I have been a guide for twenty of SFL’s forty year history.
When people ask me what makes the program special I have always had a difficult
time finding a short description that describes the friendships, challenges, and
personal growth each week delivers. Sometimes it is easier to relate a story of
a particular event which encompasses the SFL spirit. This past week in Granby
Colorado generated one such event.
SFL week culminates with a contest that allows skiers to
choose to compete in either a 10 km race or a 5 km predicted time rally. Race
day dawned colder under overcast skies and moderate snow, in contrast to the
bright sun and warm temperatures we experienced for most of the week. I was assisting
Tim, the Race Coordinator, in the timing shack and everything was going well
despite the slower conditions brought on by the accumulation of new snow.

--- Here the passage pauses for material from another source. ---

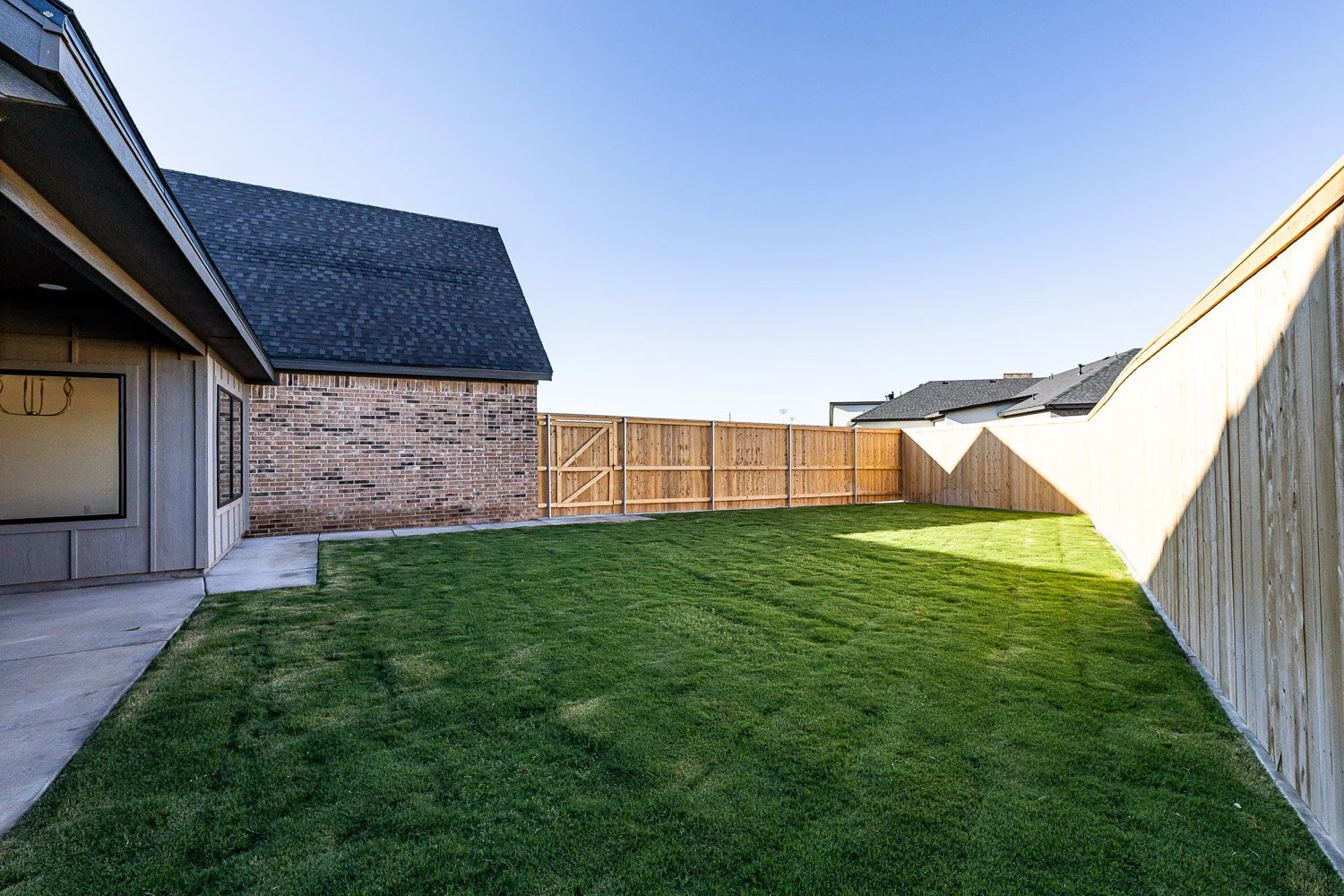 Beautiful-backyard-custom-home.jpg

Two hours after the start all but one of the one hundred and
three skier pairs had crossed the finish line. The last pair was skiing the 5
km course and was nowhere to be seen. We sent someone out with a phone to
locate them and report where they were on the course. By now conditions had
deteriorated and the wind was considerably stronger.
The call came in. The guide and skier were only at the 3km
mark on the 5 km course. They would be out for at least another hour. Tim and I
conferred and considered sending a snow machine out for them as exhaustion and
cold could become a dangerous combination. When presented with this option the
skier was adamant – she wanted to finish on her own. We agreed we’d keep the course
open as long as possible.
Almost all of the two hundred and fifty people at the finish
area had long since gone back to the hotel, but a few dozen remained, searching
the top of the slope in the distance for any sign of the last pair. Forty five
minutes later two heads became two bodies as they crested the final hill before
the finish. Spectators ran and skied towards them, forming a moving cheering
section around the skier and her guide. Cow bells rang and words of
encouragement were continuously shouted. Every few feet someone would call out
the distance to the finish line the skier could not see.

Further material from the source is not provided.